Anyway, just last summer I learned a new activity that makes Norah bat shit crazy, proving that one is never too old to learn new things. We were at the Virginia Museum, walking through one of the big marble hallways, just being sisters. I was loving it, and was so happy to finally be out on a Saturday with my beloved sister. It was a magical moment that I savored until she interrupted it by carping, “Would you PLEASE stop scuffing your shoes! You’re as bad as Tom!” Tom is her loyal and loving husband with whom I made a pact 40 years ago. “Tom,” I said, back when they were first married, “I won’t always be around to irritate the shit out of Norah in the future. It will be up to you.” And, bless his heart, he has proven to be equal to the task. That day in the museum, I decided to face the issue head on so, after I picked my feet up and started to walk as quietly as a human being can, I said, “Norah, do you think that, maybe just for once, you could treat me like a friend instead of like your irritating younger sister? She said, “I am. That’s why I don’t have any friends.” It wasn’t pathetic; it was really funny, which was weird because that’s supposed to be my job.

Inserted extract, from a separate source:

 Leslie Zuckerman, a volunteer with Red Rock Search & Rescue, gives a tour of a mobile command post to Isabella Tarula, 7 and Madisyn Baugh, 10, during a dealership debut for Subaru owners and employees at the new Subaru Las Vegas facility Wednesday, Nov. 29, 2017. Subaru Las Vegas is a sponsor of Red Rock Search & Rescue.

Now that I have laid the historical groundwork, we can get back to the subject at hand, which is driving Norah crazy by backing into a parking space. Do you remember my ground-breaking post, The Left Lane Closed Ahead Debate? It was an insightful rant that provoked this comment from Norah:
I would like to turn the discussion to my pet peeve which is people (like you) who back into parking spaces. Don't even get me started about how much easier it is to back out into the open area rather than into a confined space and how rude it is in a parking garage or lot to make a string of cars wait while you back your car into that spot. And why? To show that you can? I do back very well; I simply to don't need to show everyone. I back into spots when it is absolutely necessary for a reason. As I said, don't get me started.
Your Middle Sister
Norah loses her shit whenever she sees someone back into a parking space. You can be in the middle of telling her a heart breaking story about the terrible week you have had and she will cut right in and say, “What is it with these people who have to back into parking spaces? They hold everyone up. It is just so stupid. I’m sure it’s a man.” Then she will crane her neck around to check so that she can confirm, “Yep. It was a man.” Then she plunges the final dagger, “Just like TONY.” See, my husband Tony is a HUGE backer-in, and she knows that so, at this point, she is just positioning for a good old-fashioned cat fight in which I defend Tony and she tells me I am wrong and am an idiot. After years of psychotherapy, I have learned how not to be drawn into these types of arguments, which is best accomplished with silence or a simple, “Mmmm,” until she skulks away like a satisfied lion on the African veldt, convinced that, once again, she has won.
THE SKILL DISPLAY MYTH
I think there are a lot of reasons why people back in and am pretty sure that showing off isn’t one of them. I just find it really unlikely that people who back into parking spots do so to impress onlookers. So let’s just start with that as an assumption, that most drivers are not backing in for the performance factor. If you are someone who has backed into parking spaces to impress people, please leave a comment below explaining that motivation and I will stand corrected.
THE TARGET AREA ARGUMENT
The complaint of the group of people who cannot understand why anyone would ever back into a space (let’s call that group Norah) is founded on the premise that it is much easier to back out of a space than to back in, because of the size of the respective target areas. For the visual learner, here is how the Norah group sees the debate.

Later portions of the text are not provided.